Image & Video

Inpainting in 3 commands: remove objects or add accessories with any base model, no dedicated inpaint model needed

Remove objects or add accessories from your terminal using models like Flux or Z-Image, no dedicated inpainting model required.

Deep Dive

Modl has introduced a novel open-source command-line interface (CLI) toolkit that radically simplifies AI-powered image inpainting. The tool allows users to perform complex edits—like removing unwanted people from a street photo or adding accessories such as sunglasses to a portrait—directly from the terminal in just three commands. Crucially, it bypasses the need for dedicated inpainting models or graphical software like Photoshop, instead leveraging popular base text-to-image models such as Flux Fill Dev and Z-Image Base. The system intelligently selects between two masking strategies depending on the task: for object removal, it uses the Qwen3-VL-8B vision model to ground the target, then processes a clean silhouette with Meta's Segment Anything Model (SAM); for adding accessories, it grounds the region (e.g., "eyes") and uses an expanded bounding box to create the correct mask.
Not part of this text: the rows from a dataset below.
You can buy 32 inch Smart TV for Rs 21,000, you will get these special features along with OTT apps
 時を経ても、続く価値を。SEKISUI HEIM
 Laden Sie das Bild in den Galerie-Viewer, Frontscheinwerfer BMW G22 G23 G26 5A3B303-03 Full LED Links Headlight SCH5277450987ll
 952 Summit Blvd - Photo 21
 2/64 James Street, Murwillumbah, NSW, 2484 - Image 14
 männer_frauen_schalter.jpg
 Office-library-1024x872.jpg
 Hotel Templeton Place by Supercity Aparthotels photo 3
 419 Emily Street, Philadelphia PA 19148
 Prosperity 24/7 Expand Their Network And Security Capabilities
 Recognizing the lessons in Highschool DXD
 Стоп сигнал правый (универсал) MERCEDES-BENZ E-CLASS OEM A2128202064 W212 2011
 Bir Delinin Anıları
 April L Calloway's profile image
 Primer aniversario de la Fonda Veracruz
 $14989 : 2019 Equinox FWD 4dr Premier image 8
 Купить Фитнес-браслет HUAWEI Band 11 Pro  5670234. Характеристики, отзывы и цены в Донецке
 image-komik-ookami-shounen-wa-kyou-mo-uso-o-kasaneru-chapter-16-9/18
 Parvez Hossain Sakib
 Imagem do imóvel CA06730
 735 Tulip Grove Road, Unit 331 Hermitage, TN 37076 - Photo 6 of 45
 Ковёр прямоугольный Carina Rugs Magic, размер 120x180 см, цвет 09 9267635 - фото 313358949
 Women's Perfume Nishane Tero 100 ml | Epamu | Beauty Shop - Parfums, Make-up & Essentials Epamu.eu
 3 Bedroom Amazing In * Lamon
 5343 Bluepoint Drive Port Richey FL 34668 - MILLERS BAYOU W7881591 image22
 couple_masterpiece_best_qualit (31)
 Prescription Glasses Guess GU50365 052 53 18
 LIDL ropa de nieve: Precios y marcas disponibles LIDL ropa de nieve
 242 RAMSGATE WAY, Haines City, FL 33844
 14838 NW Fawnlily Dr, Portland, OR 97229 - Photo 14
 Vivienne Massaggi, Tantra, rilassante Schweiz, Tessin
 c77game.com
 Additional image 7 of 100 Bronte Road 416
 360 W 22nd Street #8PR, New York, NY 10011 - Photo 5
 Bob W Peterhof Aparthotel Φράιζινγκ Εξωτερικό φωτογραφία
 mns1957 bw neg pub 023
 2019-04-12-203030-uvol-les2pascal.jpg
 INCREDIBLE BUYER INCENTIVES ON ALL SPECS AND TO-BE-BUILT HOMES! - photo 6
The toolkit is designed for automation and integration, with every processing step outputting structured JSON. This enables users to chain commands or, more powerfully, have a large language model (LLM) agent orchestrate the entire editing workflow. The developers caution that distilled or turbo models (like Z-Image Turbo or Flux Klein) are too compressed for coherent inpainting and recommend sticking with full base models. Future development includes a `--attach-gpu` feature to run computations on a remote GPU from a local terminal, with outputs syncing back automatically. The project, which is still in early stages, is available on GitHub under modl-org/modl, inviting community feedback.

Key Points
  • Performs inpainting in three terminal commands using base models like Flux or Z-Image, eliminating need for Photoshop or dedicated inpainting models.
  • Uses two AI-driven masking strategies: Qwen3-VL-8B + SAM for clean object removal and vision grounding with expanded bounding boxes for adding accessories.
  • Outputs JSON at every step for easy piping and LLM agent control, with future plans for remote GPU execution from a local CLI.

Why It Matters

This democratizes advanced image editing, enabling automation and integration into developer workflows and AI agent systems without specialized software.